No, it isn't about a low-budget film posted on YouTube by some bogus film maker. The violence we are now seeing in Egypt, Libya and Yemen has to do with long standing power grabs in the Middle East. The movie is just a sound bite for the Western media that doesn't understand history.

One of the "victories" of the Arab Spring (at least in the eyes of the West) was the ouster of President Mubarak who proved to be an exceptionally cruel thug. Things are not always what they seem, especially in the world of foreign affairs.

President Mubarak became the Egyptian leader after President Sadat's assassination in 1981. Sadat is remembered more for his national-building between Egypt and Israel rather than his decisive in the 1973 conflict that re-aquired territory lost to Israel three years earlier.

President Sadat was an unknown who came up under President Nasser. In those days, Egypt was just emerging as a former colony so there was no real mechanism for establishment of a government. The strain ultimately killed Nasser and set the stage for Sadat's ascension.

With some many different factions vying for power, Sadat had to work with some keeping factions. Enter the Muslim Brotherhood. The modern incarnation of the Muslim Brotherhood was formed in Egypt in 1928 as an Islamist group looking to establish a pan-Islamist state in response to British colonialism. The group quickly spread to other North African countries.

The Muslim Brotherhood ends up getting sideways with Nasser when they are accused of an attempted assasination. Nasser abolished the group and imprisoned and tortured its members.

A writer named Sayyid Qutb started to prosthelytize the need to restore Islam by overthrowing modern Islamic states. Other branches of the Muslim brotherhood embraced this ideology but the Egyptian branch maintained a non-violent approach.

After Nasser's death, Sadat enlisted the Muslim Brotherhood to combat leftist groups but the Muslim Brotherhood remained illegal under the Sadat Administration. The signing of the peace accord with Israel led a violent Islamist splinter group to assassinate Sadat.

When Nasser took over, two things occurred. Students disenfranchised with Mubarak's policies joined the Muslim Brotherhood. In response, Mubarak arrested, harassed and basically shut-out the Muslim Brotherhood from the Egyptian politically system.

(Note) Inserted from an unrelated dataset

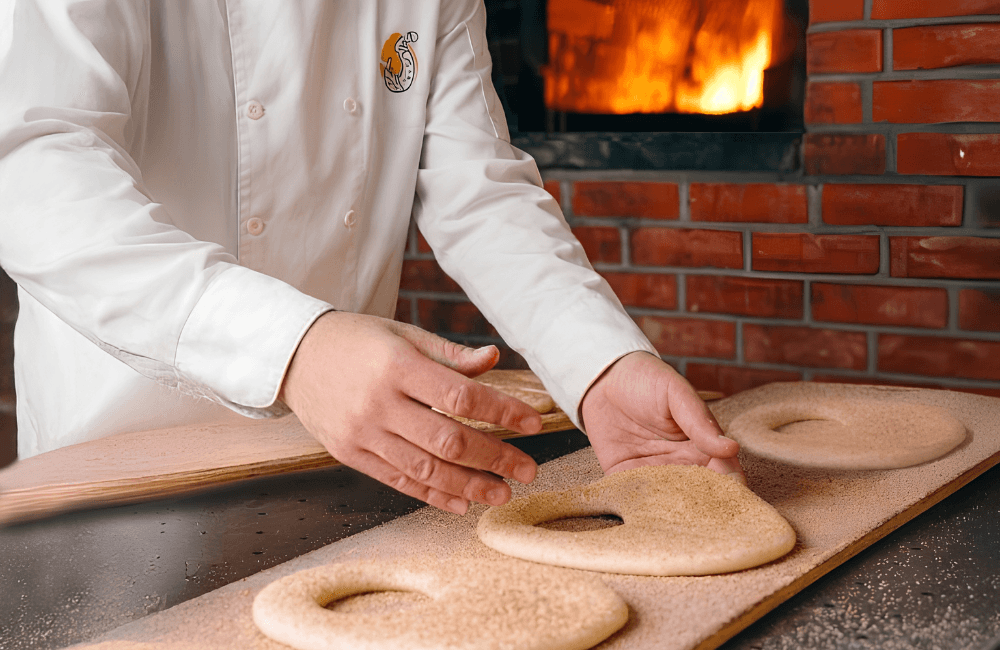 A Kaaki W Nos baker in a white chef’s jacket shapes raw sesame kaak dough on a wooden board in front of a brick oven with an open fire.
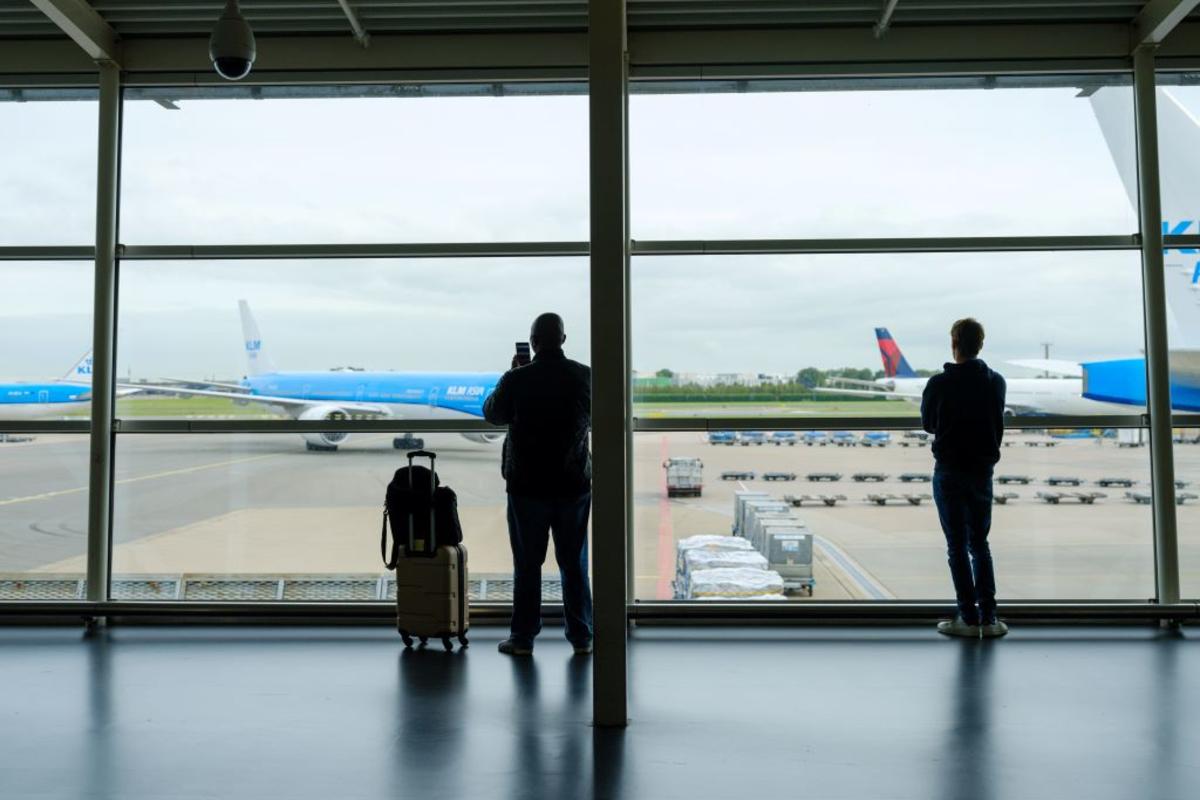 Customers at Schiphol Airport in Amsterdam with Delta and KLM aircraft in the background.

Continued pressure by the Muslim Brotherhood eventually wore down the political barriers in 2000, 15 members of the Muslim Brotherhood were elected to parliament. Of course, the pressure by the Mubarak administration allowed the more radical elements of the Muslim Brotherhood to assume prominence in the movement.

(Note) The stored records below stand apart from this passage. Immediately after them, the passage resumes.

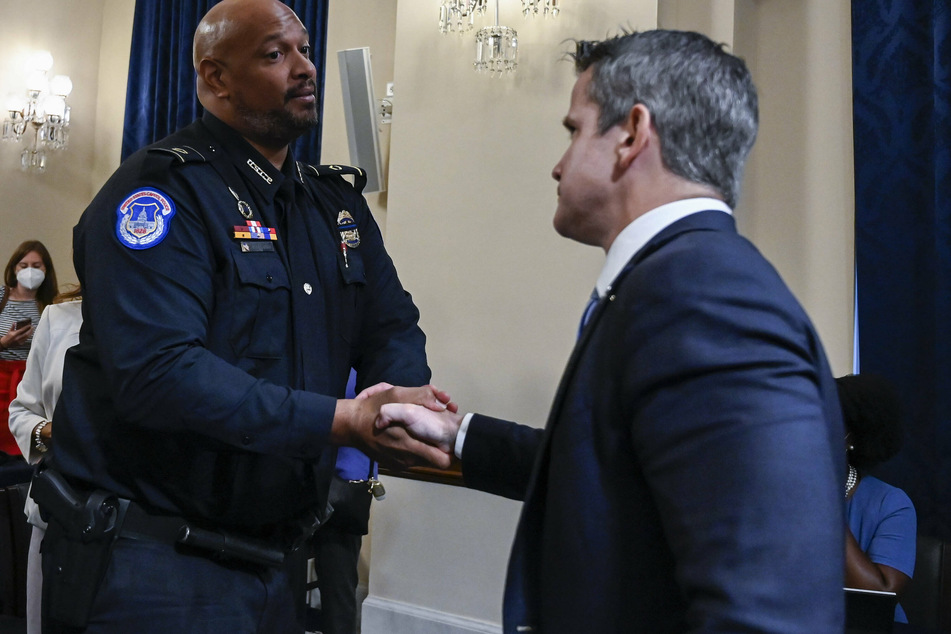 Kinzinger (r.) shakes hands with Capitol Police Officer Harry Dunn after the opening hearing of the January 6 probe.
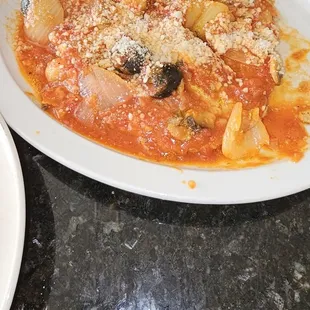 a plate of pasta with olives and cheese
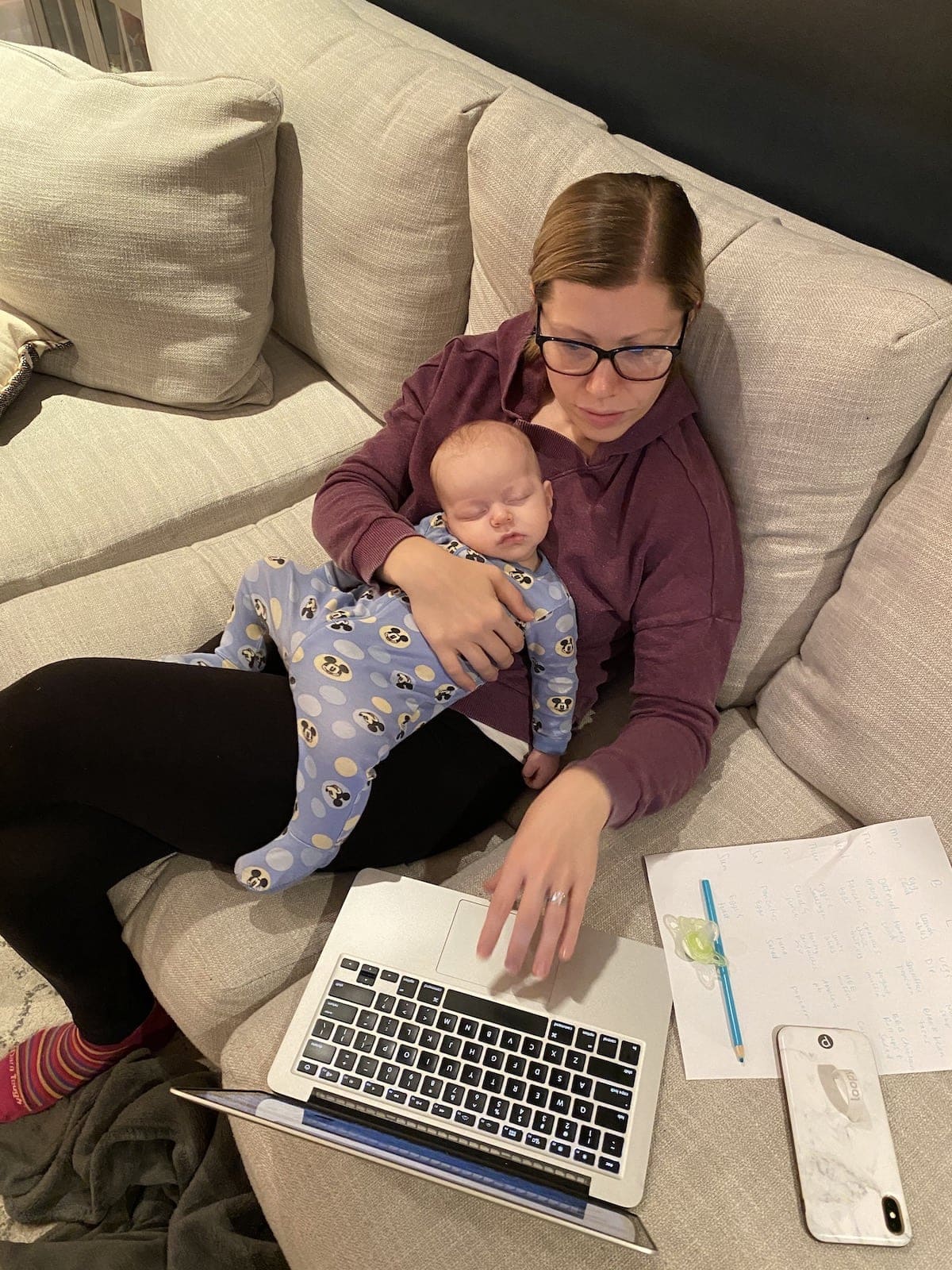 Lauren working on a laptop while holding a sleeping Porter
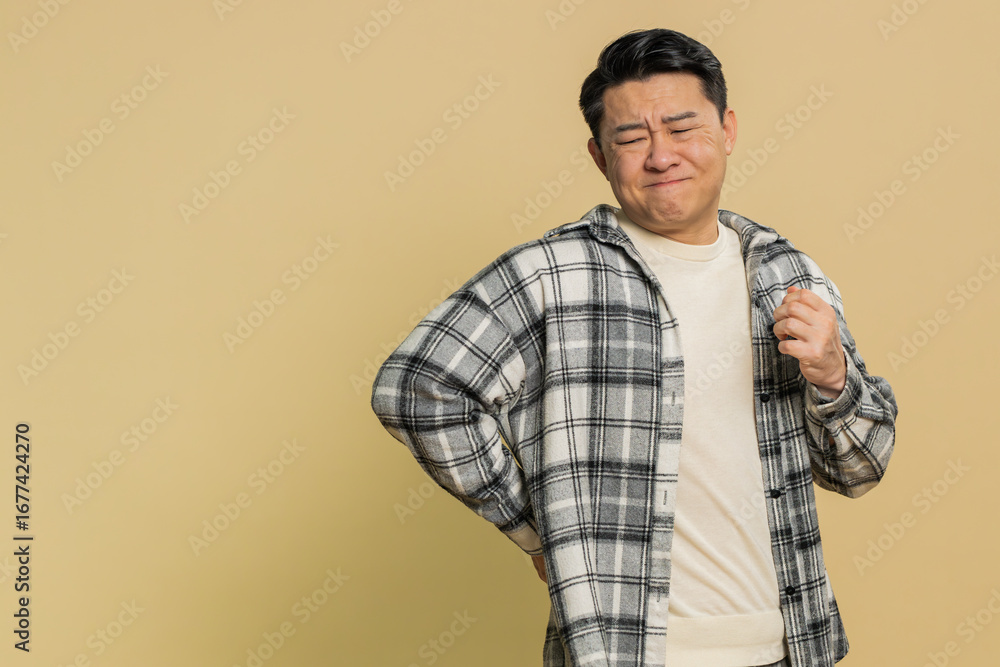 Φωτογραφία Asian middle-aged man suffering backache, massaging sore place lower spine, frowning from unbearable spasm torn muscles and tendons, kidney stones pinched nerve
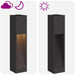 Black outdoor solar LED pathway lights with warm glow at night and off during day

Mubarak amended the constitution to prohibiting independents from running for parliament. In 2010, all of the Muslim Brotherhood members lost their seats. This set the stage for the Arab Spring, the fall of Mubarak, and the rise of the Muslim Brotherhood in Egypt.

Mubarak and Gaddafi were ruthless thugs that did not hesitate to use violence to suppress opposition. What is often overlooked in condemnation of these thugs is how many other thugs they are keeping at bay so that when they fall, other more violent inevitably follow. The West then wonders out loud, how did that happen?